Hoisin sauce is a traditional Asian ingredient. Though, when you look at the ingredient list, you probably shake your head in disbelief, “How can regular people actually make this?” Well, it’s quite simple. You don’t need to be an astrophysicist to figure it out. You just need some basic ingredients and some gentle guidance.
This week on Foodie Next Door, I’m going to show you how to make a simple hoisin sauce, which I will later use to glaze a delicious, pan-seared duck.
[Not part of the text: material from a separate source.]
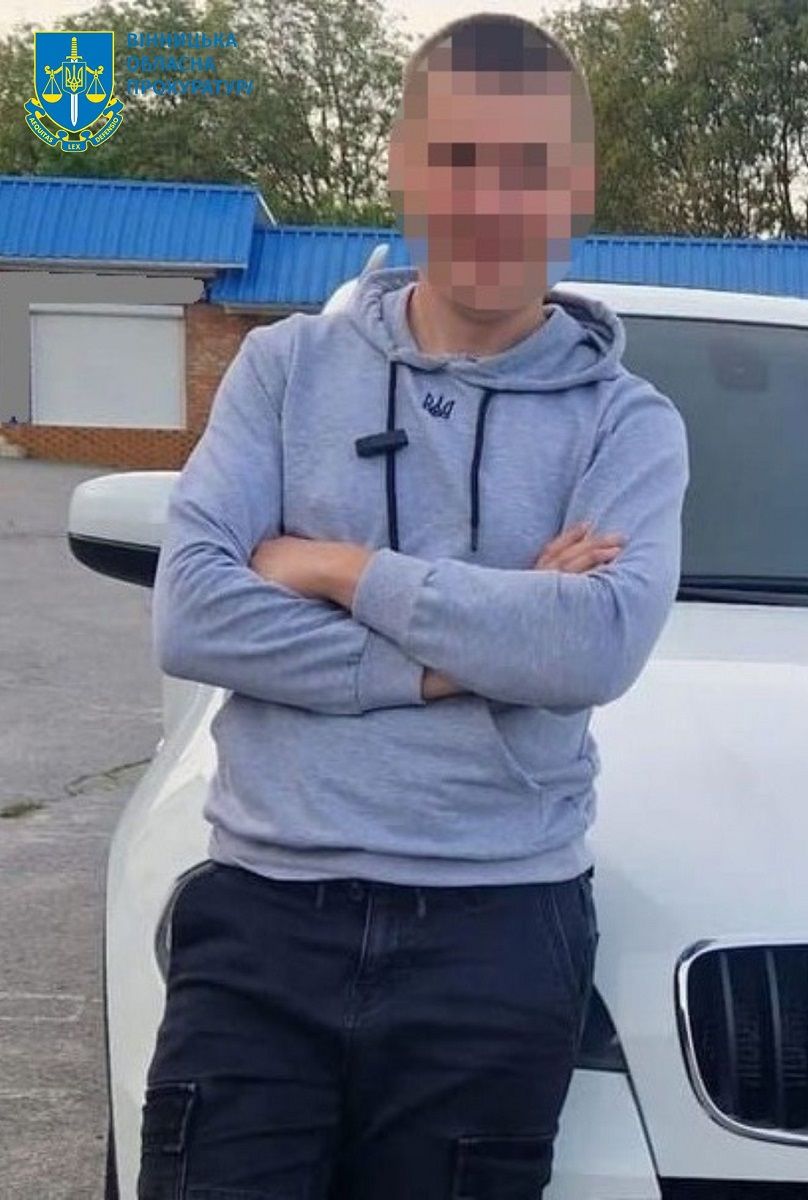 Новини Вінниці - фото з СБУ затримала блогера з Жмеринки, який «засвітив» в соцмережі позиції ЗСУ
Remember, there’s a foodie in all of us.
Pan-Seared Duck With Hoisin Sauce
- Scant ½ cup red miso paste
- 1 to 2 tablespoons black bean paste
- ¼ cup agave nectar
- ¼ cup apricot nectar
- 2 tablespoons five-spice powder
- 2 tablespoons rice wine vinegar
- 1 tablespoon chili paste
- 3 cloves garlic, minced
- Pinch cayenne
- Salt, to taste
- 1 to 2 tablespoons canola oil
- 2 five-ounce duck breasts
- In a medium saucepan, heat canola oil over medium heat.
- Add garlic to the pan. Sweat it for 1 to 2 minutes.
- Add black bean paste, five-spice powder, agave nectar, apricot nectar, rice wine vinegar, and chili paste. Combine together with a whisk. Cook, simmering for 5 minutes. Once it has thickened, turn the heat down. Simmer for 1 minute. Set aside, and let cool.
- Score the duck breasts on the fat side. Be careful not to cut too deep, piercing the flesh.
- Heat a large nonstick skillet over medium heat. Place duck in pan, fat side down. Sear for 7 to 8 minutes on the fat side or until about half the fat has rendered off. You want it to be medium-rare on the inside, and the fat has to be crisped and a deep golden brown color. Flip over, and cook on the other side for 1 to 2 minutes. Take off heat, and let rest for 5 to 10 minutes. Once done resting, slice duck into medallions that are approximately ½ inch thick on a bias.
- Place a dollop of the hoisin sauce in the middle of a plate. Place 3 to 4 duck slices on top of the sauce. Top off with a little drizzle of hoisin.